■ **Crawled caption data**
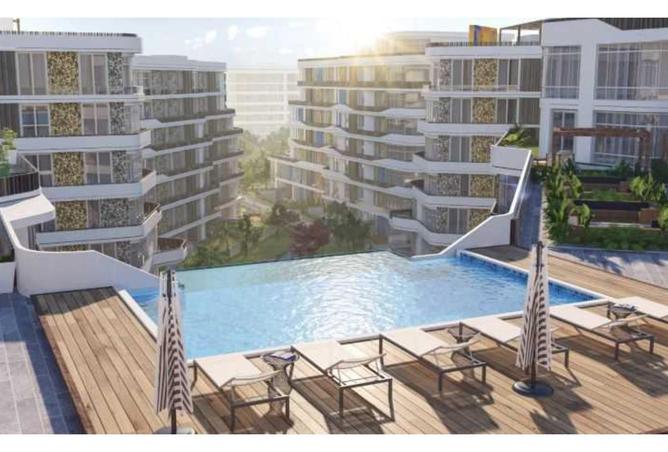 8441884 - Property Image 3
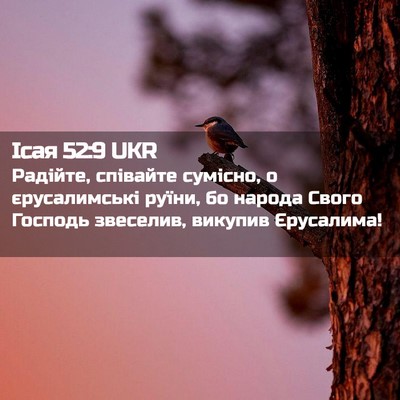 Picture 02 - Ісая 52:9 UKR - Радійте, співайте сумісно, - Bible Verse Picture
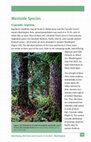 Research paper thumbnail of Identifying old trees and forests in eastern Washington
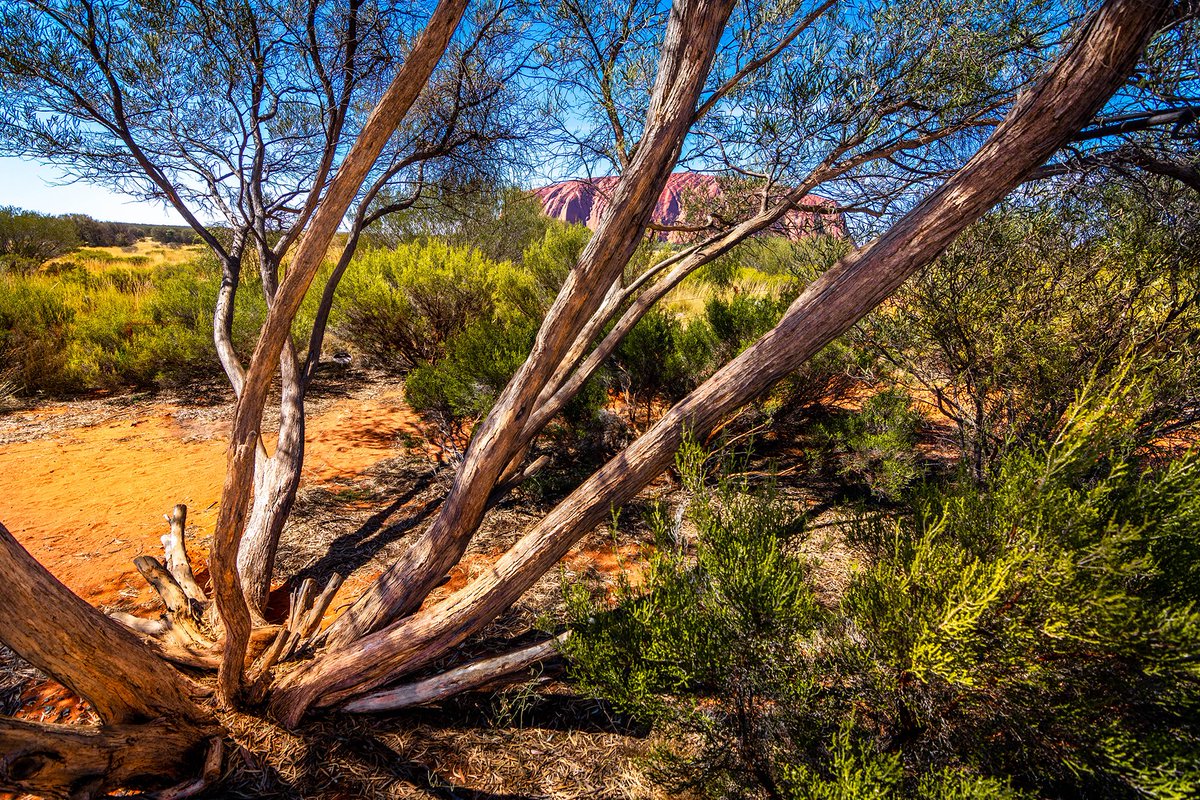 GrantKinkead's tweet photo. Ayers Rock, Northern Territory, Australia. 
#australia #northernterritory #ayersrock #uluru #photography https://t.co/maprWBW5Vv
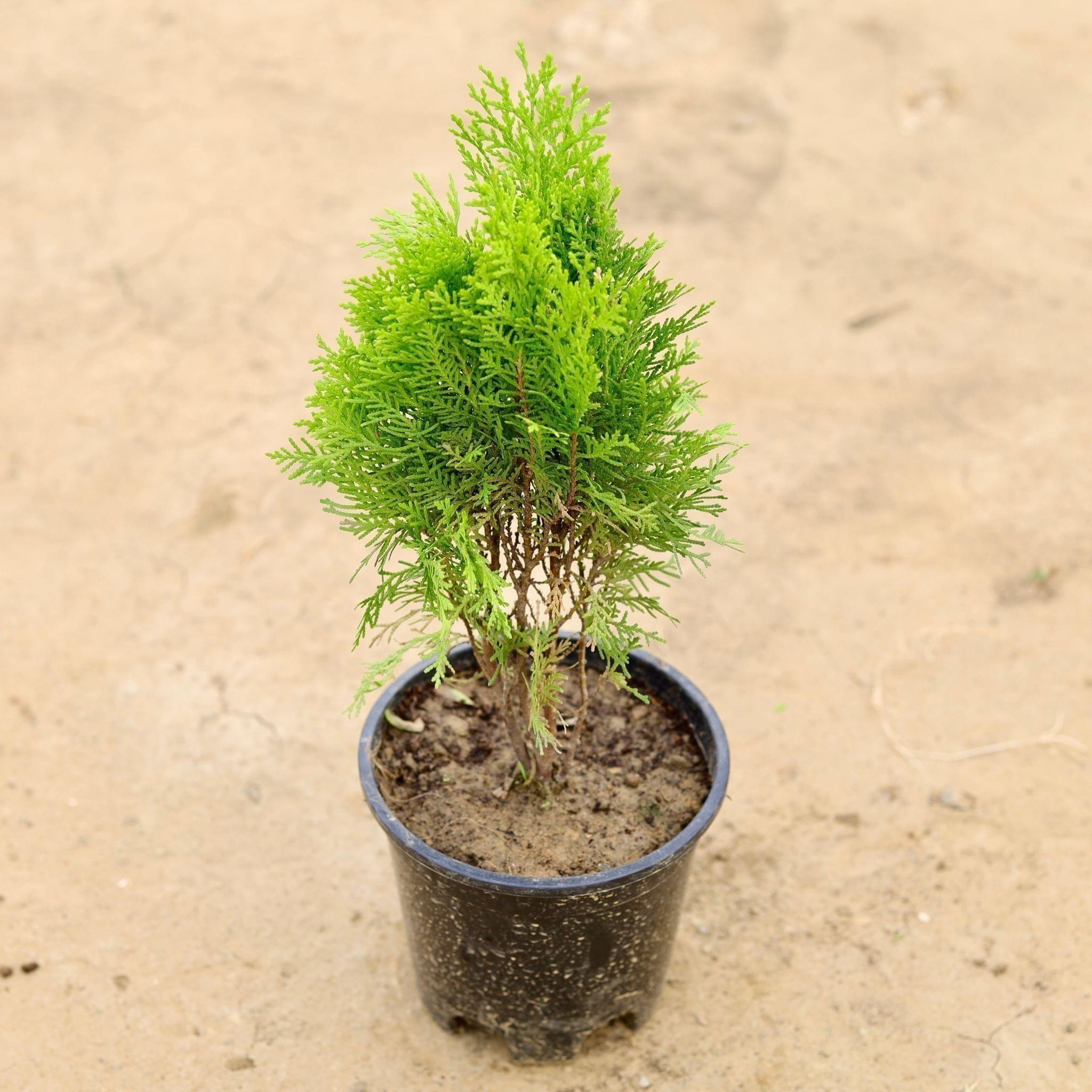 Morpankhi English in 6 Inch Nursery Pot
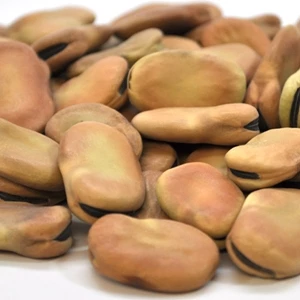 Bolivia beans 11/13 25kg - Legumor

■ **Assignment**
Would you transcribe exactly, and only, the lines from the one containing "Picture 02 - Ісая" through the last line of the records above, both included, leaving out the pictures?

■ **Written reply**
 Picture 02 - Ісая 52:9 UKR - Радійте, співайте сумісно, - Bible Verse Picture
 Research paper thumbnail of Identifying old trees and forests in eastern Washington
 GrantKinkead's tweet photo. Ayers Rock, Northern Territory, Australia. 
#australia #northernterritory #ayersrock #uluru #photography https://t.co/maprWBW5Vv
 Morpankhi English in 6 Inch Nursery Pot
 Bolivia beans 11/13 25kg - Legumor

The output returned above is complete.